#### Provided material:

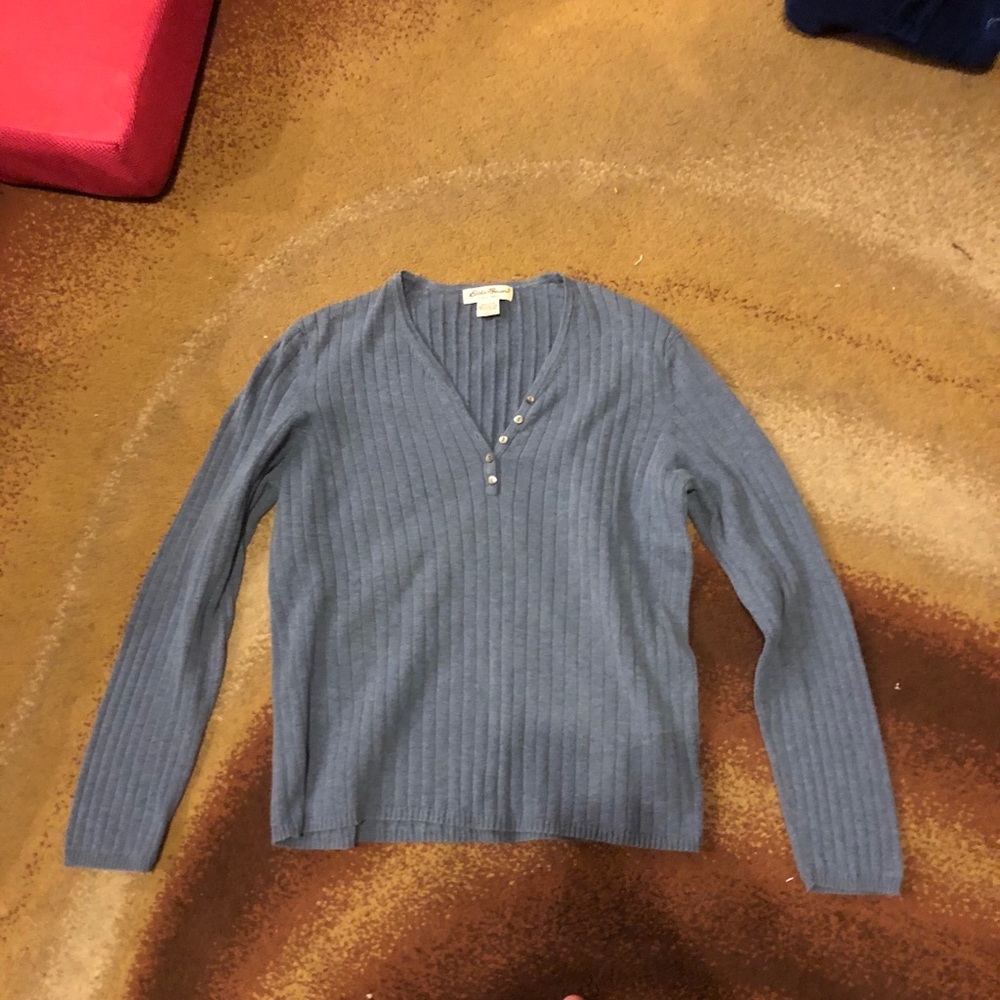 Light blue v neck sweater top never worn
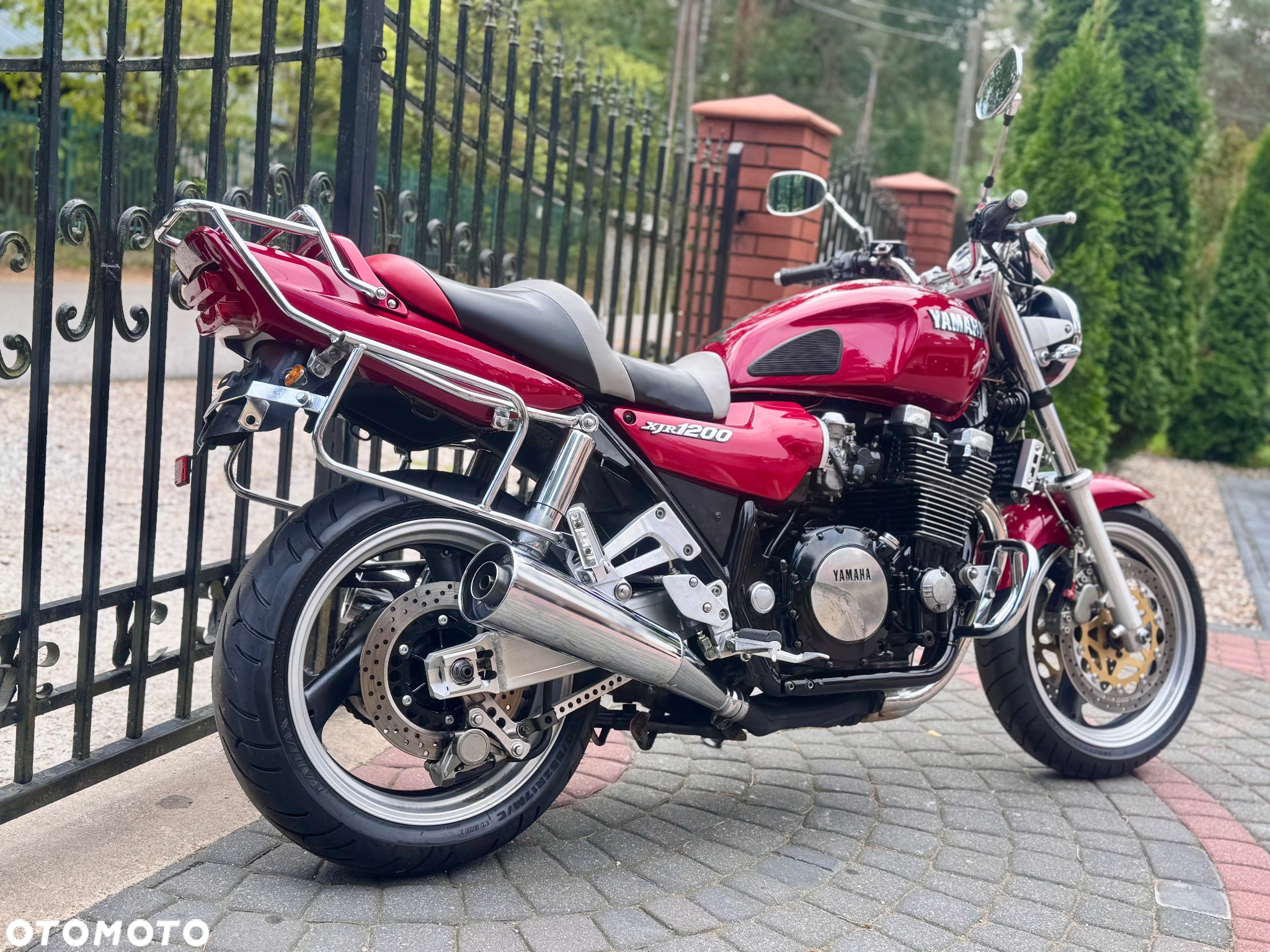 Yamaha XJR - 5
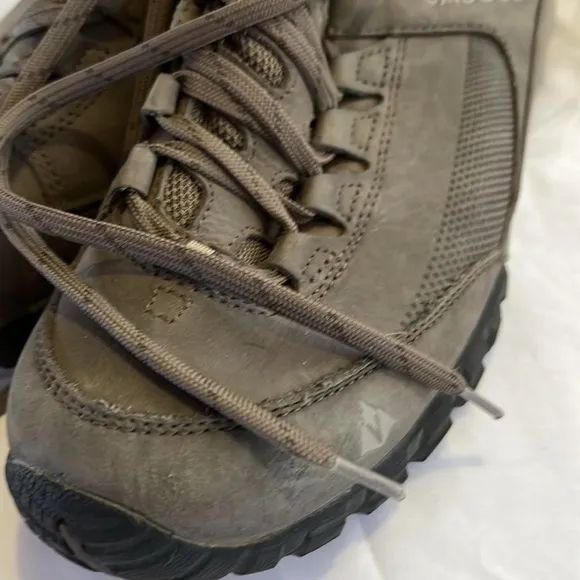 VASQUE Vibration Ultra Dry Hiking Shoe, Men’s Size 9M, Used once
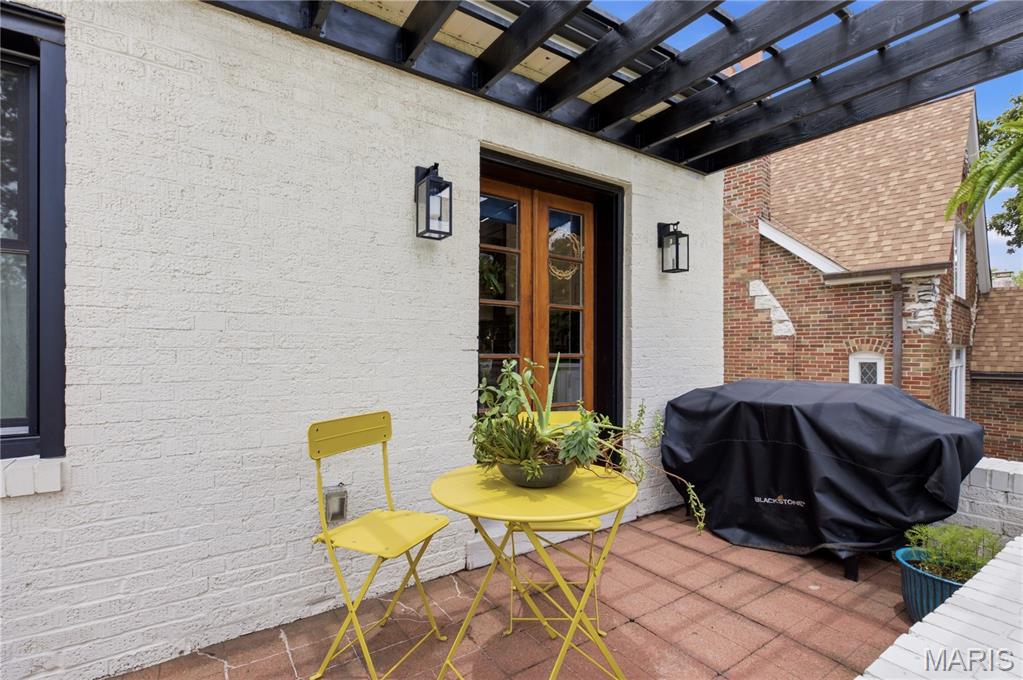 513 Hollywood Place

#### Task description:
Write out the listing above again, exactly, but with no pictures in the copy.

#### Result for this exercise:
 Light blue v neck sweater top never worn
 Yamaha XJR - 5
 VASQUE Vibration Ultra Dry Hiking Shoe, Men’s Size 9M, Used once
 513 Hollywood Place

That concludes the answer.